1 сентября 2010 ● Вадим Дубнов
Родина у нас понятие не материальное, а исключительно духовное. Ею настойчиво предлагается считать не страну, не государство, а идею. И пусть она меняет названия — имперская, социалистическая, суверенно-демократическая. Суть от этого не меняется.

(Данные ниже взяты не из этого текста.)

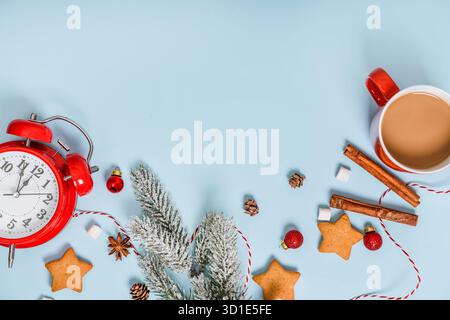 Christmas and New Year holiday composition. Flat lay with blank copy space. An alarm clock with decorations on an isolated background. Top view festiv Stock Photo
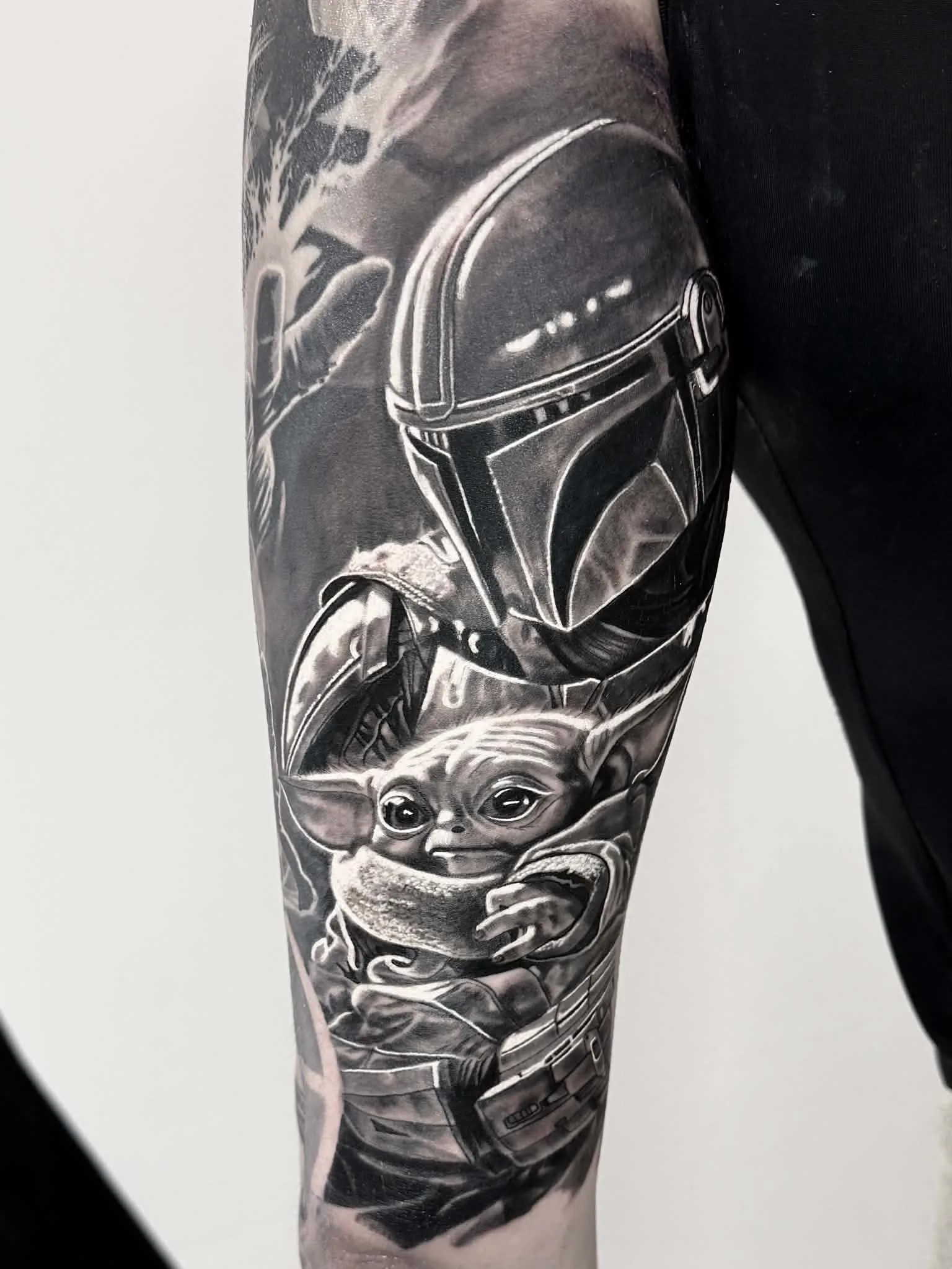 Black and grey Mandalorian and Grogu tattoo by Crouchy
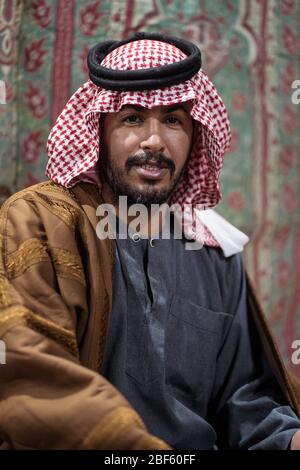 Porträt eines Beduinen-Mannes mit traditionellem Kopftuch auf einem Teppich in der saudischen Wüste, Saudi-Arabien Stockfoto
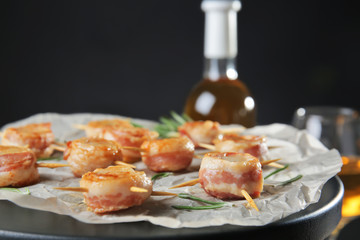 Stand with bacon wrapped scallops on dark background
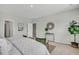 A view of the main bedroom, complete with simple decor and plenty of space for plants at 108 Brown Swiss Cir, Summerville, SC 29483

Воспаленные, но повсеместные призывы построить где-нибудь по границам Кубани и Ставрополья великую кавказскую стену пробудили странное воспоминание. До августовского путча оставался год, великая держава приказывала долго жить, и моему случайному тогдашнему собеседнику это, как и большинству сограждан, не нравилось. Он не был отчаянным патриотом, он не говорил слова «родина», он даже оборот «моя страна» использовал с каким-то смущением, будто опасаясь излишнего пафоса. Балтия уходила, и я его спросил: а, скажем, если бы республик в нашей с ним стране было не 15, а 16, этой 16-й была бы, допустим, Монголия — ее свободолюбивый порыв он тоже воспринимал бы с горечью? Я ничего не имел против Монголии, да и вообще, кроме человека по фамилии Цеденбал, мы знали еще, может быть, про существование первого монгольского космонавта… Собеседник долго мялся и наконец признался: да. Смотреть вослед уходящей Монголии ему было бы так же горько…
Советские люди, которые рассказывали про свою власть недобрые анекдоты, чрезвычайно негодовали, когда из их большой страны уходили литовцы, латыши и эстонцы.